### Data records
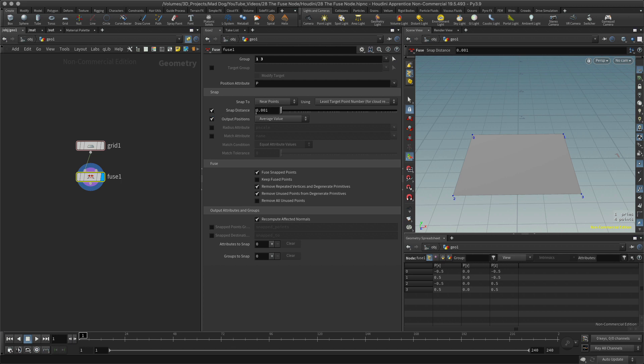The snap distance basically takes the point and it looks around that distance to see if it can find the other point which I've suggested here. Now of course, this is one meter away. The size of this is exactly one meter. So if I increase my snap distance, okay, three, four, I'm getting up close to one. Nothing's happening.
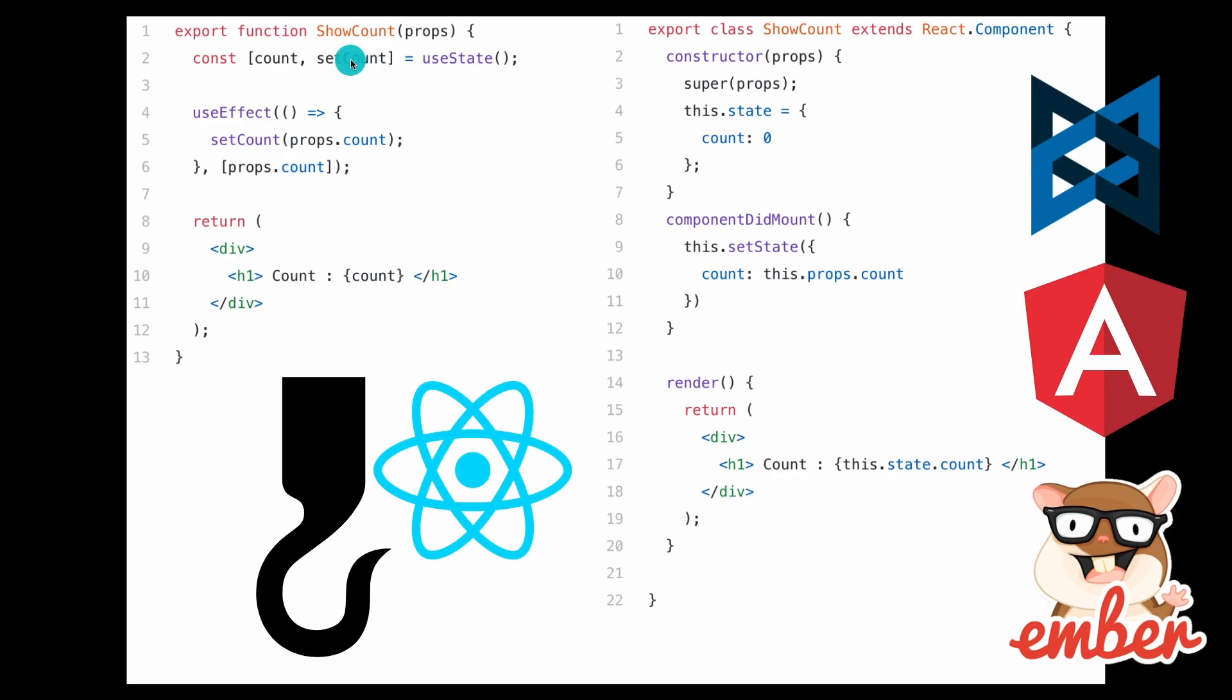But with the introduction of React Hooks, the code got super simplified. This, I would say, is sort of like React 2.0. And what I do want to mention is that this code on the right, I think this code is hard to read and hard to use.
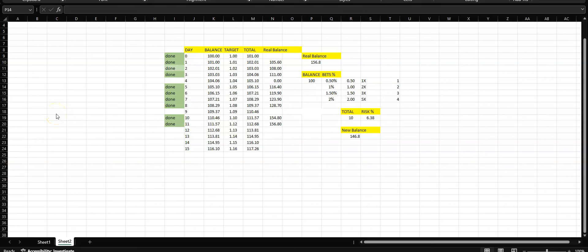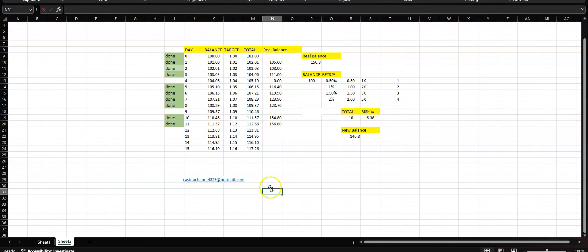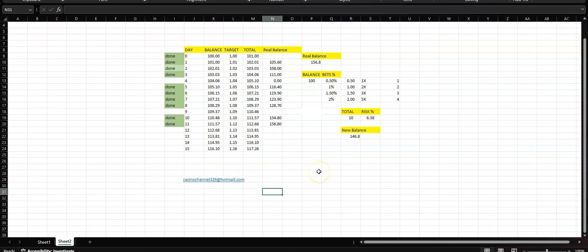Welcome to the Casino Channel 329. Today's video I'm going to explain how to play about with my Excel spreadsheet. If you want it, let me know in the comment box below or email me at casinochannel329@hotmail.com and I will send the Excel spreadsheet to you.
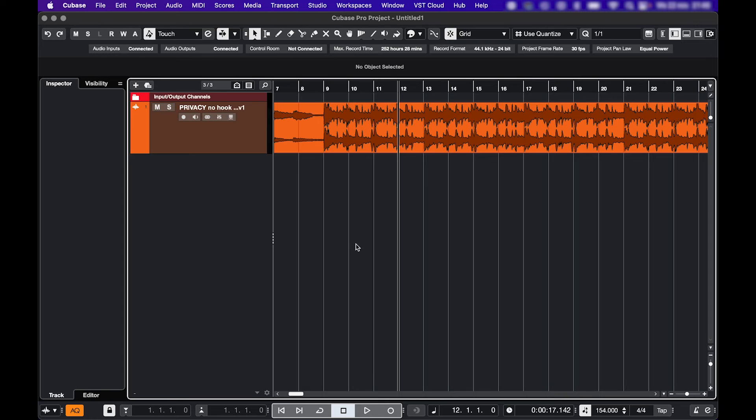So you want to record vocals in Cubase? Let's do it!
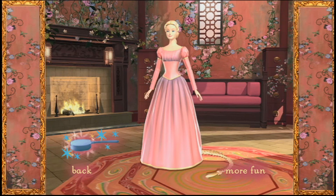This dress looks great with this hairstyle. I'd like to try another dress. Click the magic hairbrush and we can start again.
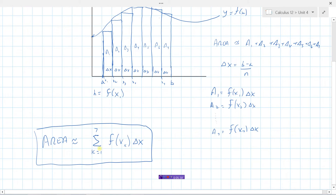We used the left endpoint in our diagram, but we could have used the midpoint, the right endpoint, or any x-value within each rectangle to determine its height. This is a general expression for the area under the curve using 7 rectangles. To make this more accurate, we use more rectangles — 10, 100, 200 — making them skinnier and better approximating the true area.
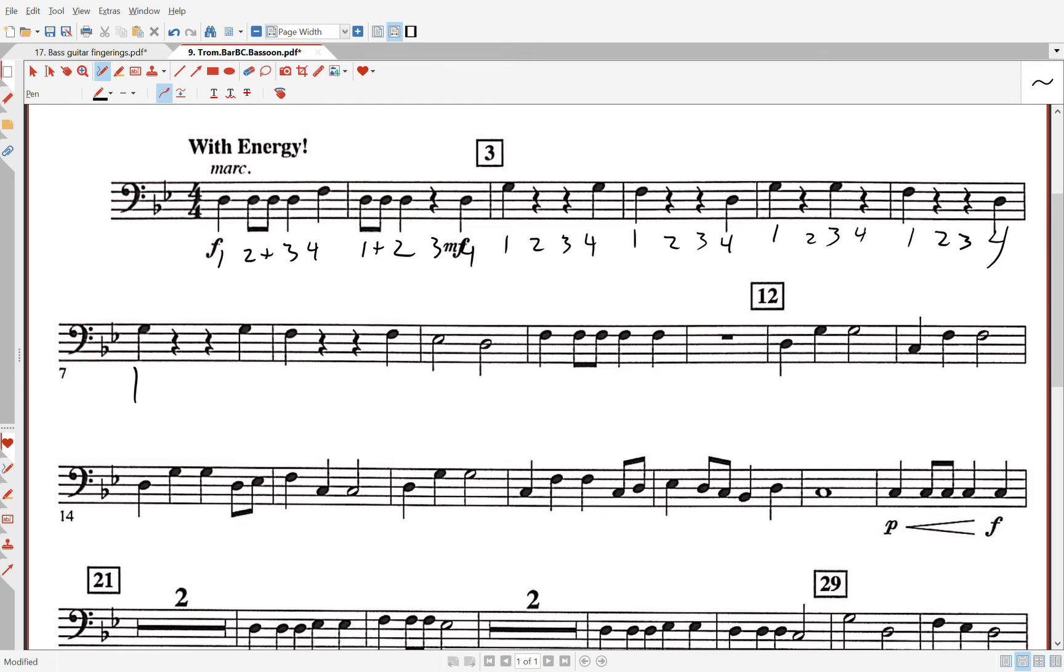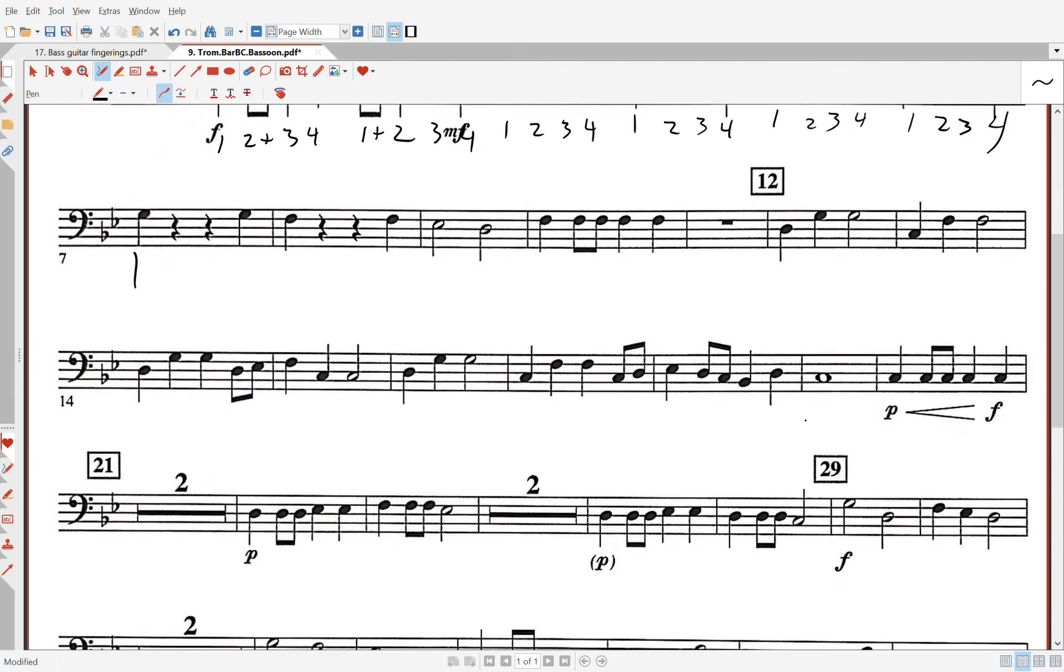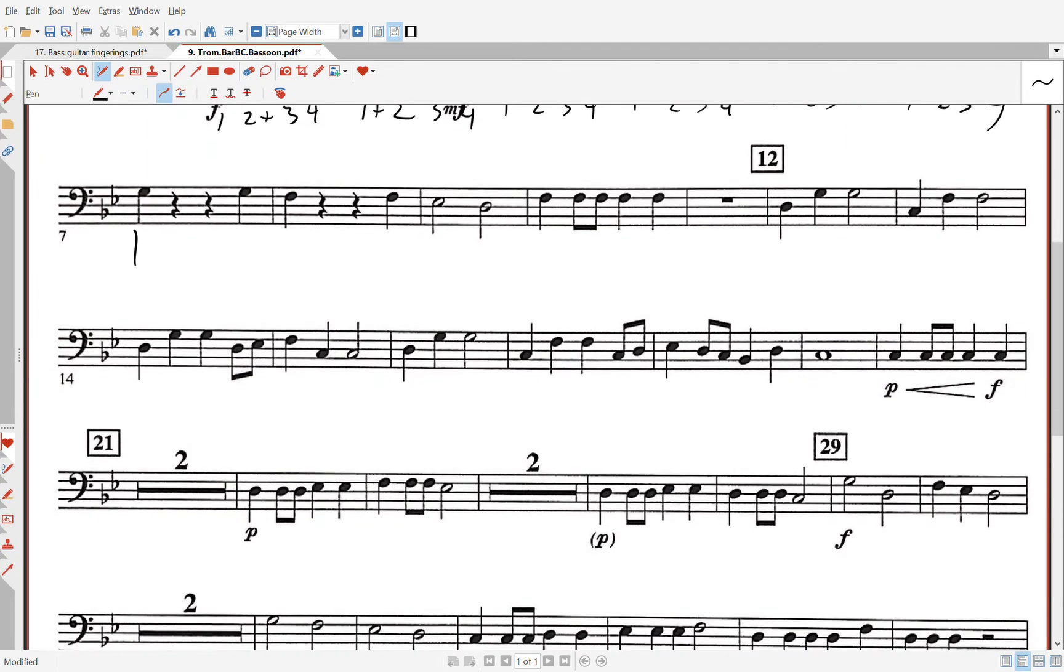It goes on and on. I'm gonna go straight to the bar where you're having a hard time, and it's bar 14 and 15. One, two, three, four and, one, two, three, and then you're having a hard time, so...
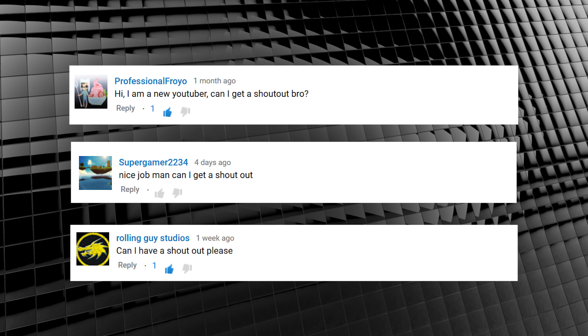Oh, I almost forgot. Here's this week's shoutout. Right, that's done. Now, let's get to work.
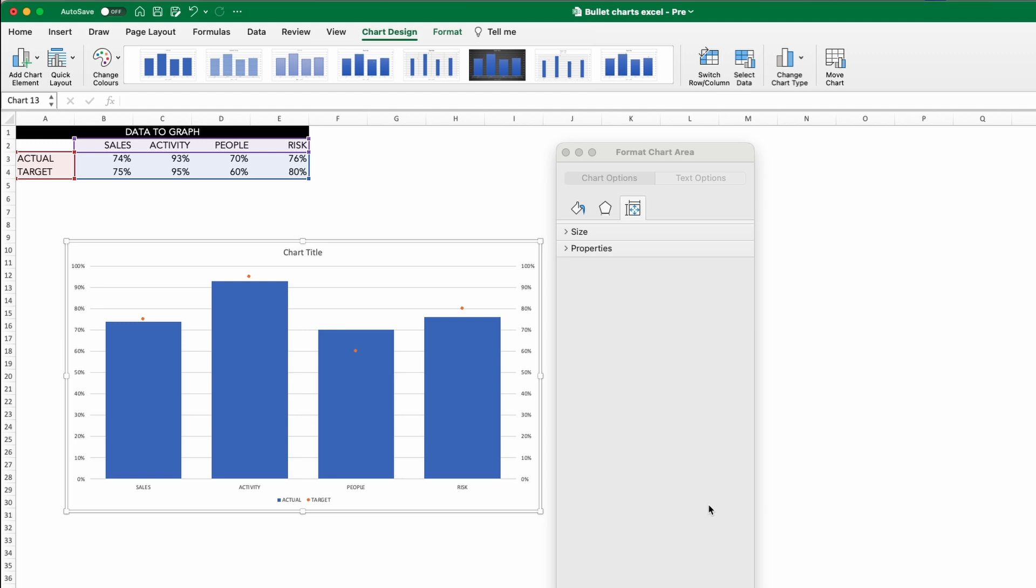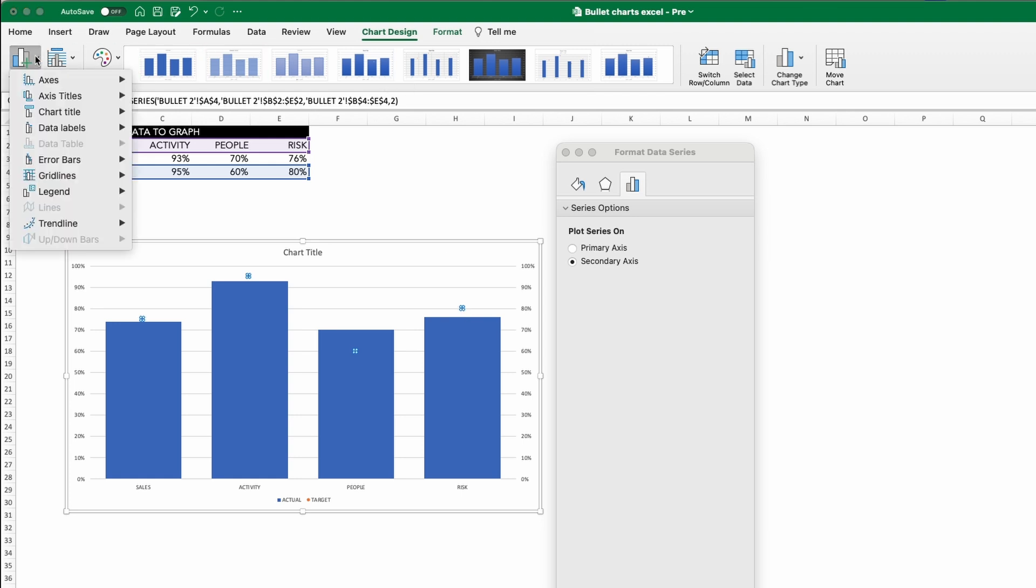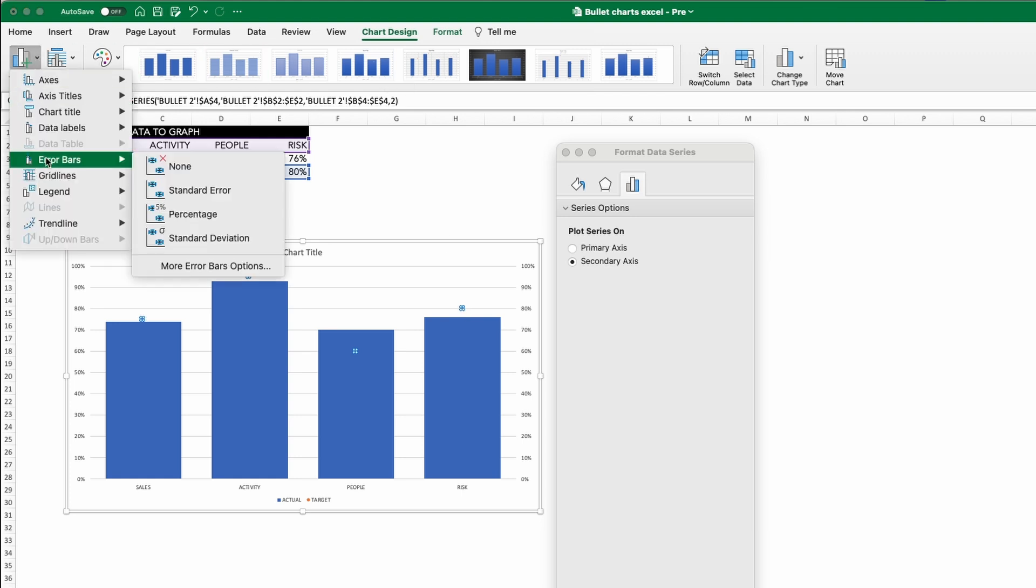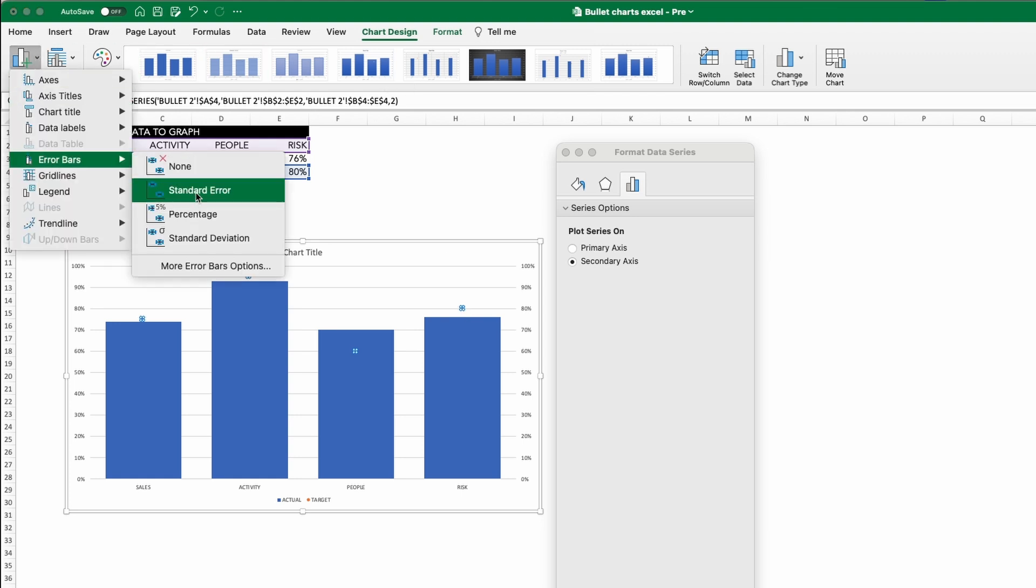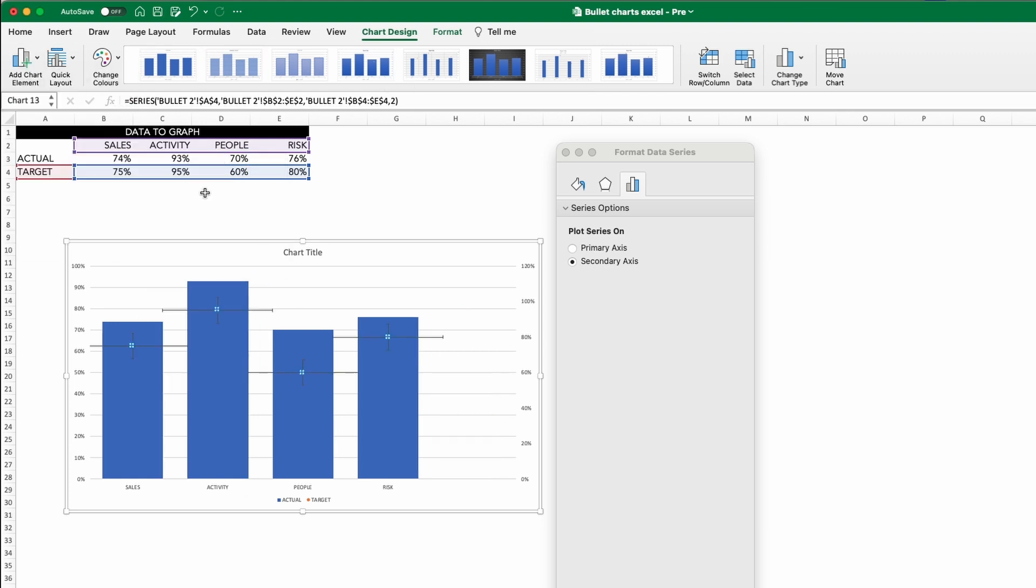Now we will see orange circles where the ends of the bars were. Select those dots and now in Chart Design, click Add Chart Elements and select Standard Error Error Bars.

### Problem statement
Transcribe exactly the lines from the one holding "Oh, I almost" through the final line of the material above, both ends included; any pictures should be dropped.

### Task output
Oh, I almost forgot. Here's this week's shoutout. Right, that's done. Now, let's get to work.
Now we will see orange circles where the ends of the bars were. Select those dots and now in Chart Design, click Add Chart Elements and select Standard Error Error Bars.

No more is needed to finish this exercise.